Introduction & Intuition

Consider this problem:

You are given an array of n zeros. You must perform Q range update operations of the form: "Add val to every element from index l to index r." Finally, output the resulting array.

Naïve approach: For each update, loop from l to r and add val — O(n) per update, O(n × Q) total.

Difference Array approach: Perform each update in O(1), reconstruct the array in O(n)O(n + Q) total.

This is the dual of Prefix Sum:

  • Prefix Sum: fast range queries, slow range updates
  • Difference Array: fast range updates, fast final reconstruction

Core Concept

The Difference Array D[] is defined as:

D[i] = arr[i] - arr[i-1]     for i > 0
D[0] = arr[0]

In other words, D[i] stores the difference between consecutive elements.

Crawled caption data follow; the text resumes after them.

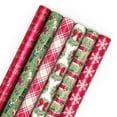 thumbnail image 1 of Hallmark Wrapping Paper Set - 6 Pack (Traditional Designs), 1 of 8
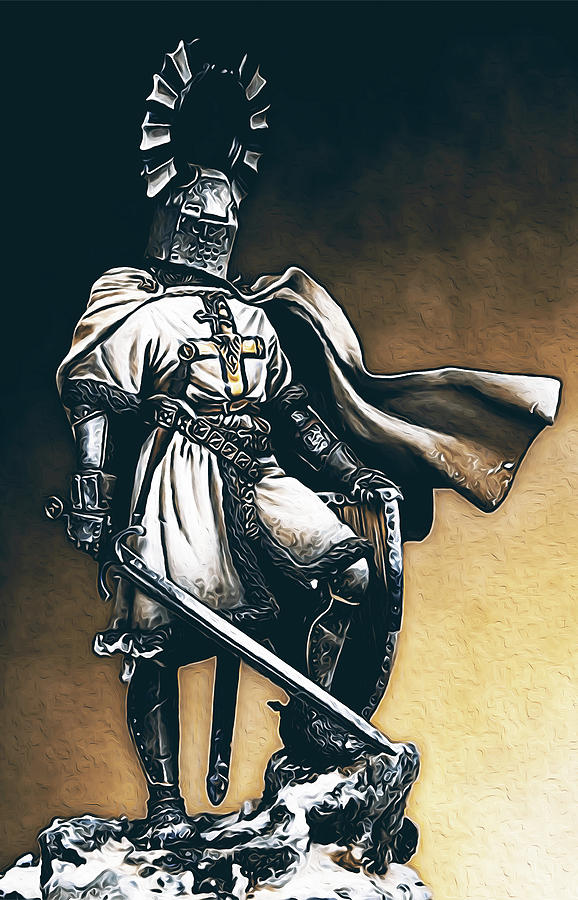 Teutonic Knight - 02 Painting by AM FineArtPrints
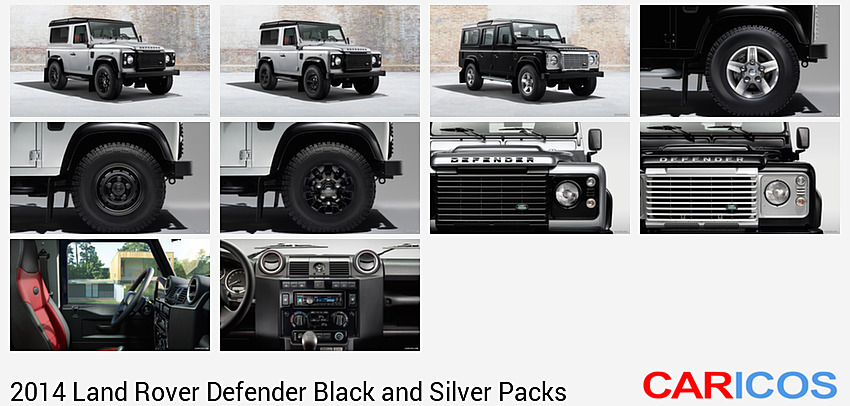 wereld Extreem belangrijk Actief 2014 Land Rover Defender Black and Silver Packs | Caricos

Key insight: Adding val to arr[l..r] only changes two values in D[]:

  • D[l] += val → marks the start of the range update
  • D[r+1] -= val → marks the end (cancels the effect after index r)

After all updates, reconstruct the array using a prefix sum of D[]:

arr[i] = D[0] + D[1] + ... + D[i]

Step-by-Step Dry Run

Initial array: arr = [0, 0, 0, 0, 0, 0] (size 6, 0-indexed)

Difference array initially: D = [0, 0, 0, 0, 0, 0]


Update 1: Add 3 to arr[1..4]

D[1] += 3  → D = [0,  3, 0, 0, 0, 0]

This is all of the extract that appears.